ANNOUNCE: Thesaurus - a recursive dictionary subclass using attributes
Dave Cinege
dave at cinege.com
Wed Dec 12 17:20:53 EST 2012
On Wednesday 12 December 2012 15:42:36 Ian Kelly wrote:
> def __getattribute__(self, name):
> if name.startswith('__') and name.endswith('__'):
> return super(Thesaurus, self).__getattribute__(name)
> return self.__getitem__(name)
Ian,
Tested, and works as you advertised.
Isn't super() depreciated? I've replaced it with this:
-return super(Thesaurus, self).__getattribute__(name)
+return dict.__getattribute__(self, name)
Aside from a more palatable result in the python shell for otherwise bad
code...does this get me anything else? Is it really worth the performance hit
of 2 string comparisons for every getattribute call?
I also just reviewed all your original comments again:
In general: The recursion code is nothing special to me and I finally settled
on the nested try's as something simple that 'just works good for now'.
I think the concept of what I'm doing here is the big idea.

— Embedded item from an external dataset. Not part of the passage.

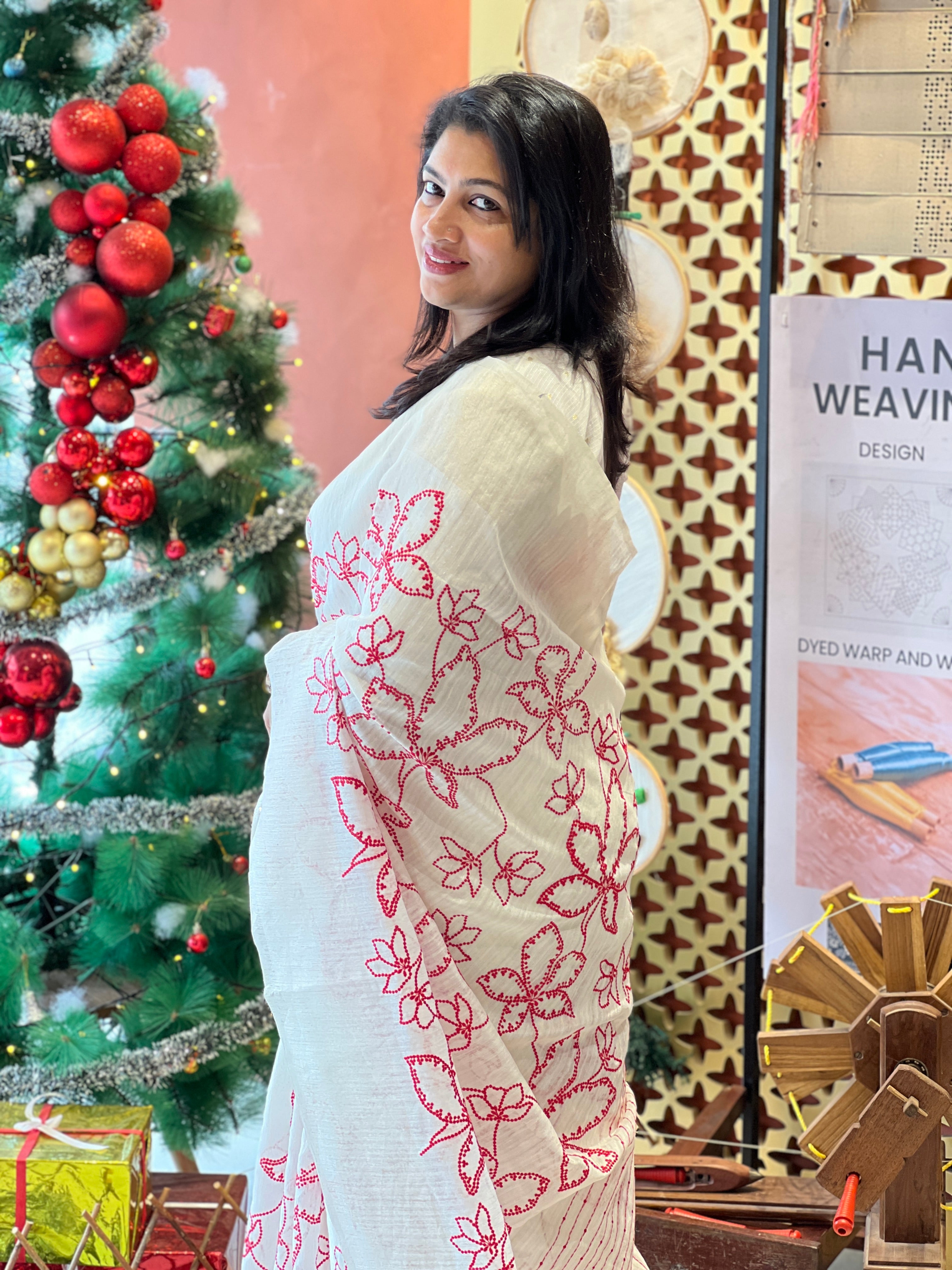 Floral  Point Embroidery Detailed Green Silk Saree | BLD1639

Should the idea of implementing what Thesaurus does in mainline python ever
happen, those 10 lines of code will likely spark a 3 month jihad about how to
properly do in python which up until now hasn't been something you do in
python.
To me for i in range(len(l)) seems like simpler, faster, tighter code for this
now. It's duly noted that enumerate() is more python and I'm an old fart that
still thinks too much in state machine. I've add except Exception per your
advise.
What I'd really like to hear is that someone reading was curious enough to
convert some existing code and their joy or displeasure with the experience.